[Start of Attachment]

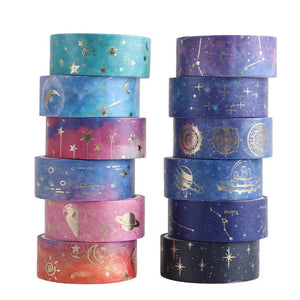 12/24 Rouleaux de ruban adhésif réutilisable Fleur/Nuit étoilée/Van Gogh Washi Tape Set Illustration Ruban décoratif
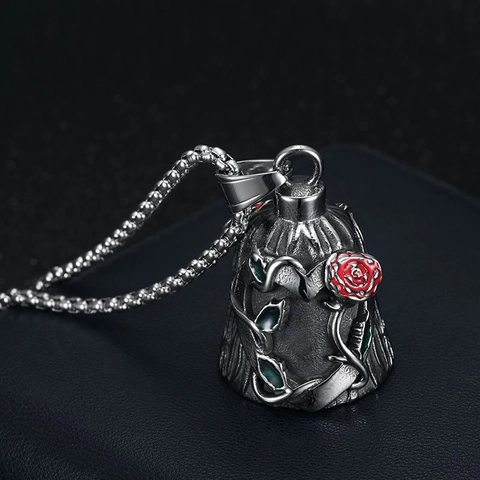 Vintage Titanium Steel Rose Bell Pendant Necklace Gothic Biker Jewelry Distressed Polished Flower Bell Charm Necklace
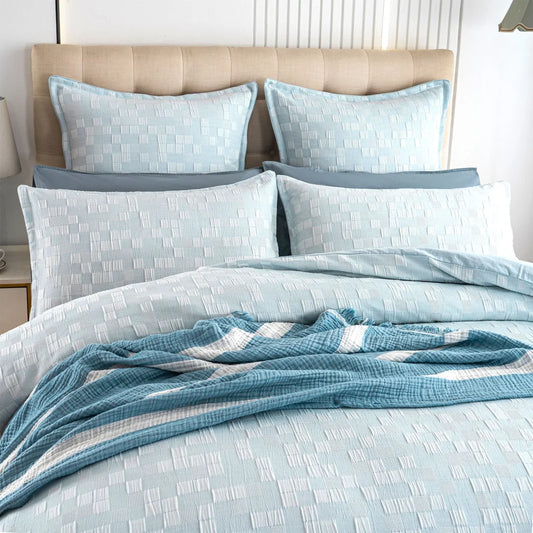 Jervis Checks Jacquard French Blue Quilt Cover Set by Renee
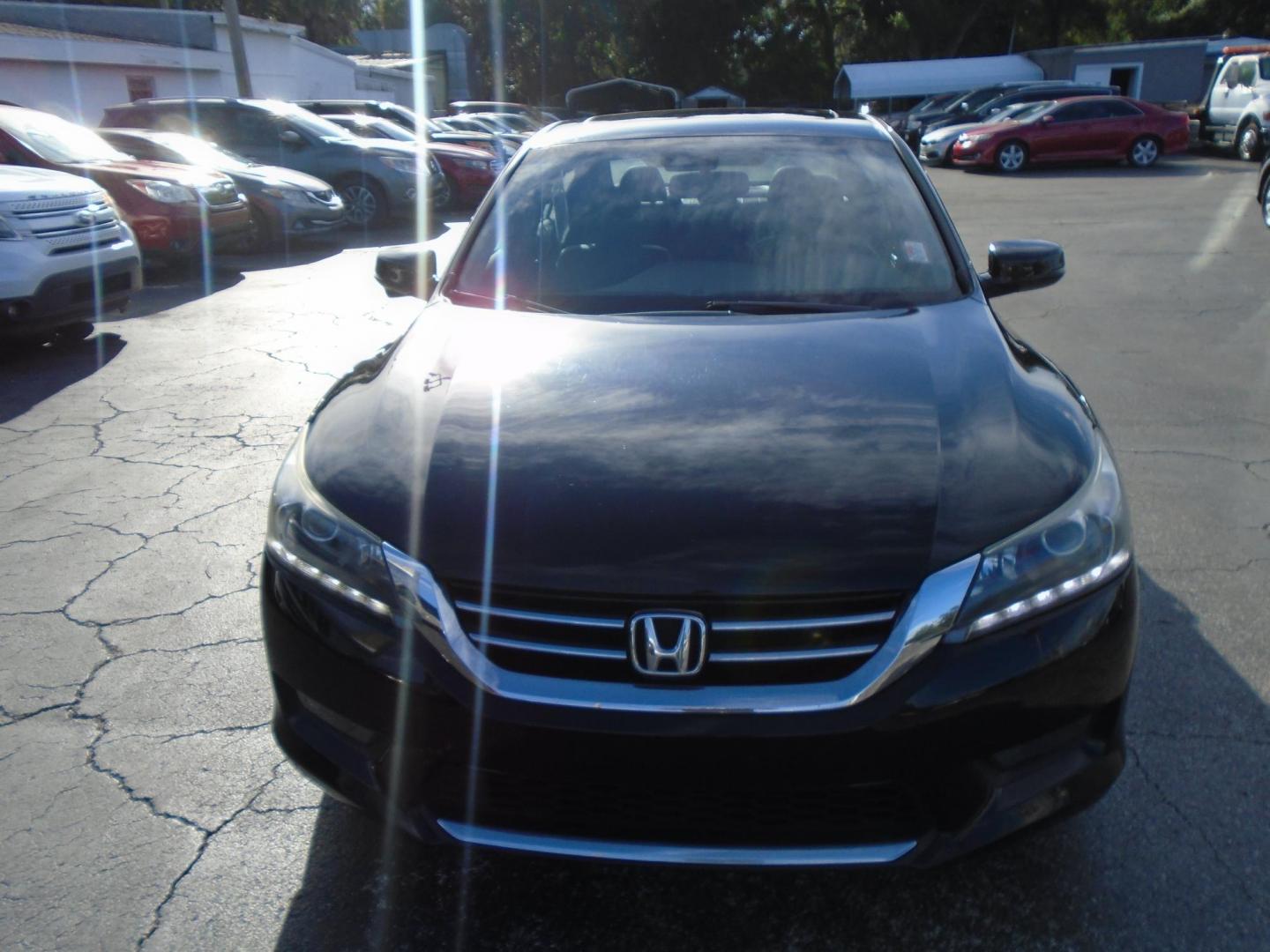 2014 BLACK /Black Honda Accord EX-L V6 Sedan AT (1HGCR3F82EA) with an 3.5L V6 SOHC 24V engine, 6-Speed Automatic transmission, located at 6112 N Florida Avenue, Tampa, FL, 33604, (888) 521-5131, 27.954929, -82.459534 - 499$ down plus tax & tag. - Photo#1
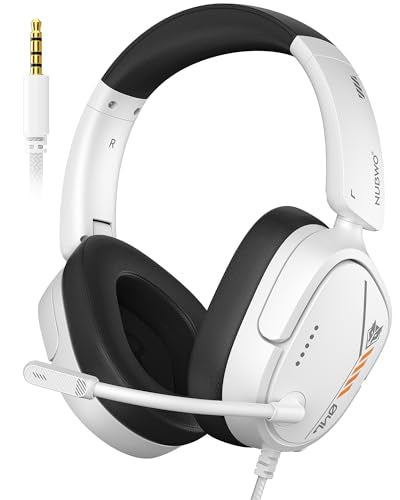 NUBWO HG04L Gaming Headset for PS5/PS4, Xbox Series X|S/Xbox One, Switch – 250g Lightweight, Clear Unidirectional Mic, Soft Memory Earmuffs, 3.5mm Jack for Gaming & Work (Splitter not Included)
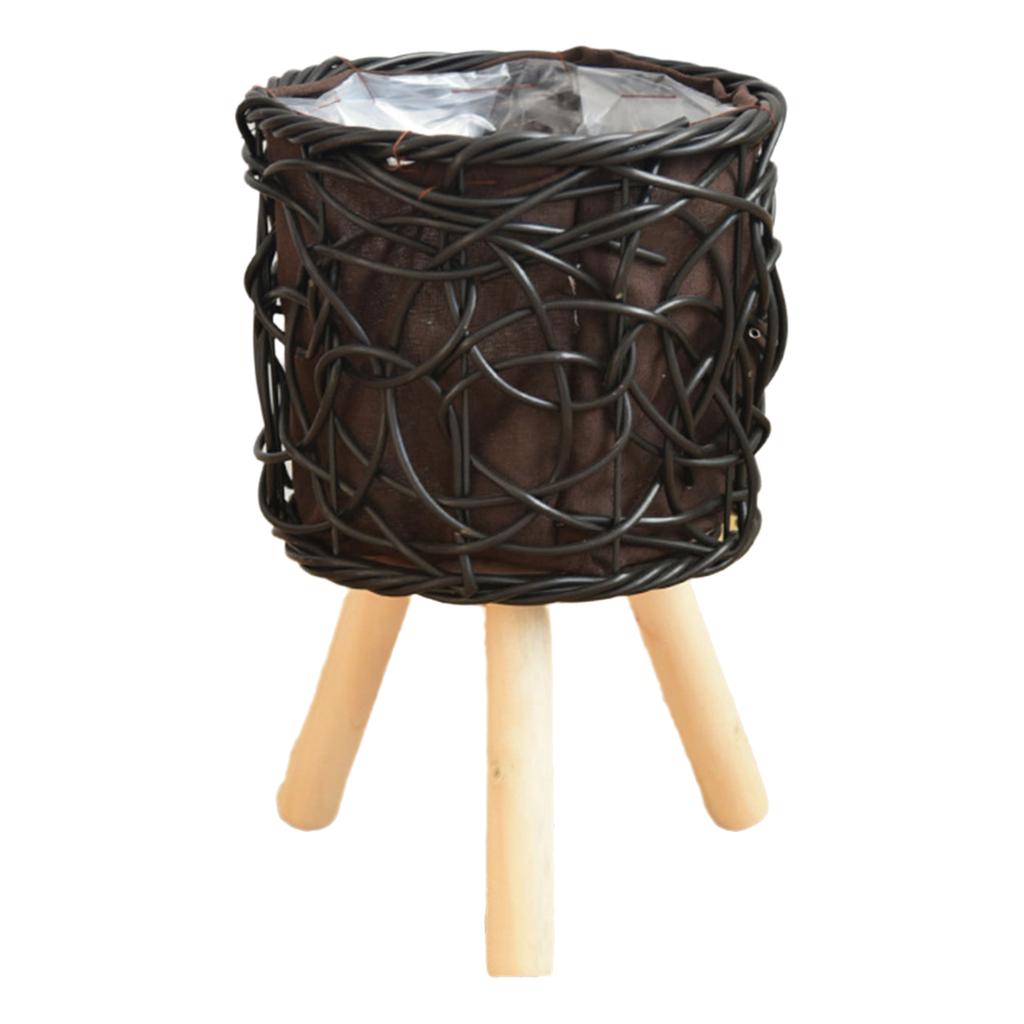Woven Rattan Plant Stand Flower Pots Holder Stool with 3 Wood Legs Floor Planter Basket Rack for Home or Office Use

[End of Attachment]

__ACTIVITY__.
Every line above should be repeated exactly; pictures stay out of the copy.

__TASK RESULT__.
 12/24 Rouleaux de ruban adhésif réutilisable Fleur/Nuit étoilée/Van Gogh Washi Tape Set Illustration Ruban décoratif
 Vintage Titanium Steel Rose Bell Pendant Necklace Gothic Biker Jewelry Distressed Polished Flower Bell Charm Necklace
 Jervis Checks Jacquard French Blue Quilt Cover Set by Renee
 2014 BLACK /Black Honda Accord EX-L V6 Sedan AT (1HGCR3F82EA) with an 3.5L V6 SOHC 24V engine, 6-Speed Automatic transmission, located at 6112 N Florida Avenue, Tampa, FL, 33604, (888) 521-5131, 27.954929, -82.459534 - 499$ down plus tax & tag. - Photo#1
 NUBWO HG04L Gaming Headset for PS5/PS4, Xbox Series X|S/Xbox One, Switch – 250g Lightweight, Clear Unidirectional Mic, Soft Memory Earmuffs, 3.5mm Jack for Gaming & Work (Splitter not Included)
Woven Rattan Plant Stand Flower Pots Holder Stool with 3 Wood Legs Floor Planter Basket Rack for Home or Office Use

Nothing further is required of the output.